*** Opening The data ***
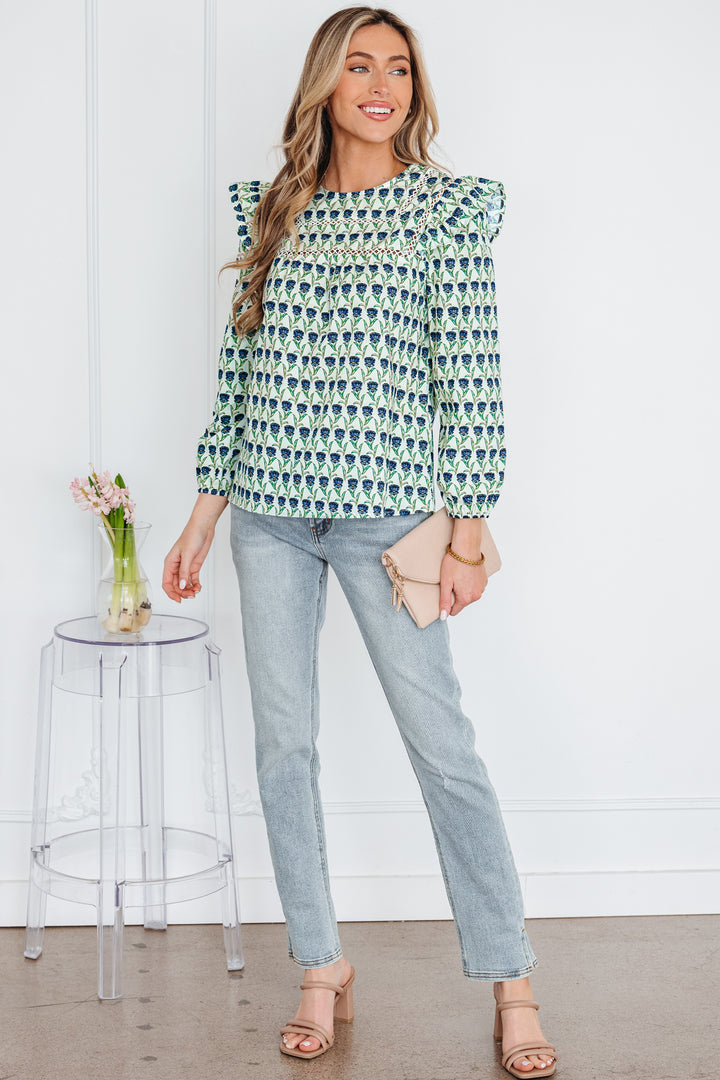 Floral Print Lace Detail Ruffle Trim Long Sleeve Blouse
*** Closing The data ***
*** Opening The data ***
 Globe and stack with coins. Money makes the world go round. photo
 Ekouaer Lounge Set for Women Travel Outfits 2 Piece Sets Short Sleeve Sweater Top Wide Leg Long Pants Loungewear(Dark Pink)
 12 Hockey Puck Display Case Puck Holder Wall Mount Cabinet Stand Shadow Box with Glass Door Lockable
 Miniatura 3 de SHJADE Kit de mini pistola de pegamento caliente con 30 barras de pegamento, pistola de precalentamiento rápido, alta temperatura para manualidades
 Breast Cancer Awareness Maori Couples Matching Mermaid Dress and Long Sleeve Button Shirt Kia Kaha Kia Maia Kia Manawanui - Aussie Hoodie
*** Closing The data ***
Everything above from the line containing "Globe and stack" through the line containing "Miniatura 3 de" must be copied exactly. Nothing outside that range belongs in the answer.

 Globe and stack with coins. Money makes the world go round. photo
 Ekouaer Lounge Set for Women Travel Outfits 2 Piece Sets Short Sleeve Sweater Top Wide Leg Long Pants Loungewear(Dark Pink)
 12 Hockey Puck Display Case Puck Holder Wall Mount Cabinet Stand Shadow Box with Glass Door Lockable
 Miniatura 3 de SHJADE Kit de mini pistola de pegamento caliente con 30 barras de pegamento, pistola de precalentamiento rápido, alta temperatura para manualidades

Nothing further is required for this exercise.